Ces pièces étaient exigeantes techniquement pour dire que les chanteurs venaient de chœurs différents et n'avaient jamais chanté ensemble mais ce défi a été très bien relevé par Damien et le concert fut plein d’émotion ! Des souvenirs qui resteront pour longtemps ! Chapeau bas pour le chef !

M.F : là, il ne s’agit pas de faire une critique du chef, dans le sens négatif ou positif, style critique musicale journalistique, mais bien plutôt de parler de son apport à la qualité du camp, du programme, du concert. De l’émotion, de l’aspect technique, bref, tout ce que vous avez retenu de Damien.

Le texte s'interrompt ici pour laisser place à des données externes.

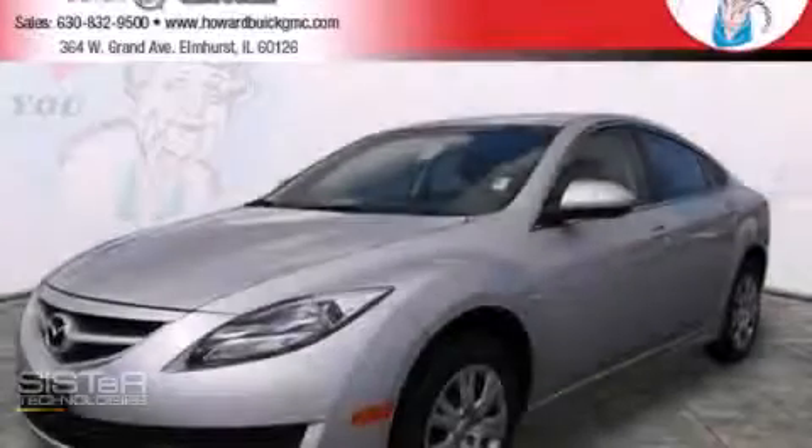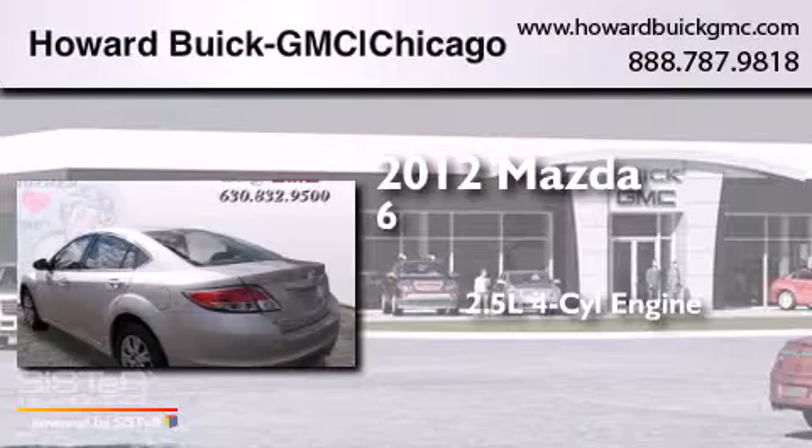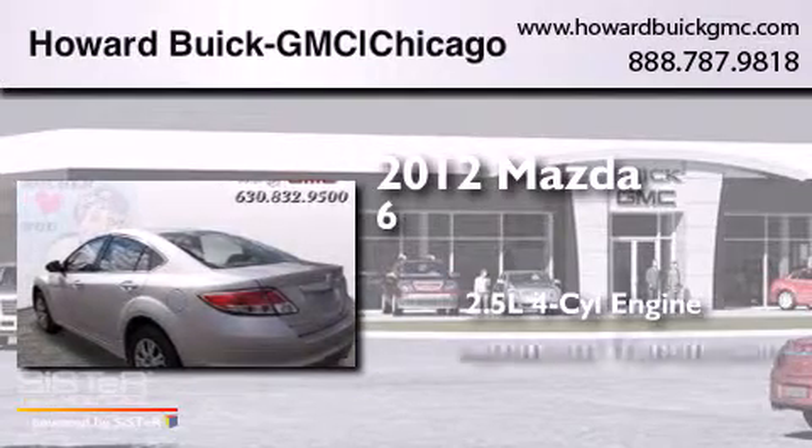This is a 2012 Mazda 6. It has a 2.5-liter 4-cylinder engine and an automatic transmission.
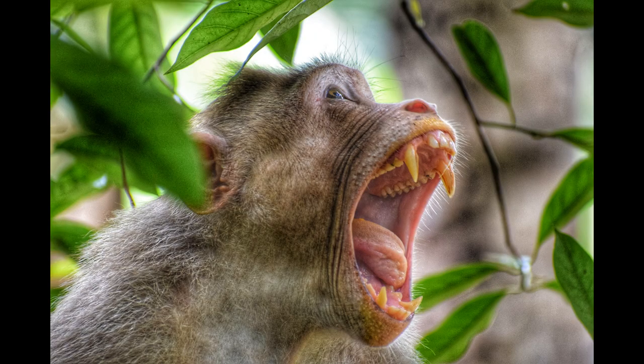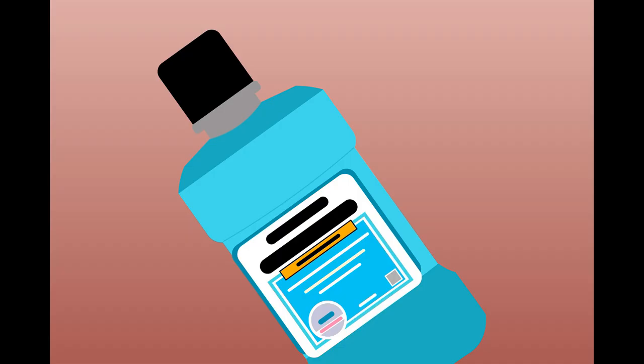Tea tree helps protect our mouths against tooth decay and gingivitis, and also assists with bad breath and sore throats, as it can be used as a mouthwash. But just like all mouthwashes, it mustn't be swallowed.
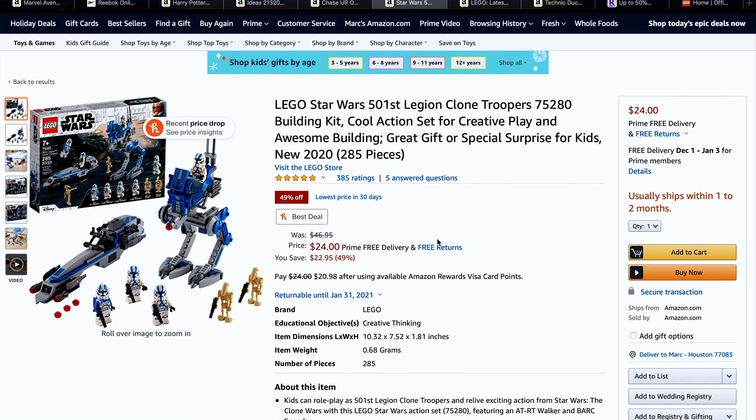Let's start off with LEGO Star Wars: The 501st Legion Clone Troopers, set number 75280, on sale right now from $29.99 to $24. Unfortunately it does say usually ships within one to two months — usually Amazon's way better than that and you'll get it beforehand — but anybody looking to get this for cheap before Christmas, I'd say try your luck.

Damien a apporté à ce camp sa sensibilité particulière et a réussi à nous donner, à tous, l'envie de donner le meilleur de nous. Dans ce contexte de "camp d'été", le rôle du chef est, je pense, complexe car il n'a que quatre jours pour créer une harmonie commune de toutes les voix disparates mises à sa disposition. Damien a mis en œuvre toutes ses qualités musicales en répétition pour nous apprendre les pièces et nous transmettre sa musicalité, et toutes ses qualités humaines hors répétition pour instaurer un climat chaleureux entre lui et nous afin que cette unité et cette amitié se retrouvent ensuite dans la musique. J'ai donc retenu de Damien une certaine forme de rigueur souriante...

 

M.D. : C’est certainement la poutre maitresse du camp. Damien est un directeur d’exception : précis, subtil, clair et enthousiasmant. Au niveau technique il nous a permis de progresser très rapidement par son travail quasi chirurgical : chaque registre ne travaille que la ou les mesures directement utiles. La grande musicalité de ses interprétations et sa capacité à la faire partager par des amateurs leur ouvrent les portes de la musique. Par ailleurs c’est un joyeux drille qu’il fait vraiment bon côtoyer aux hasard des sentiers escarpés ou d’un apéritif mérité.

 

J’aimerais également remercier vivement la Fédération valaisanne qui m’a permis de vivre ce moment d’exception.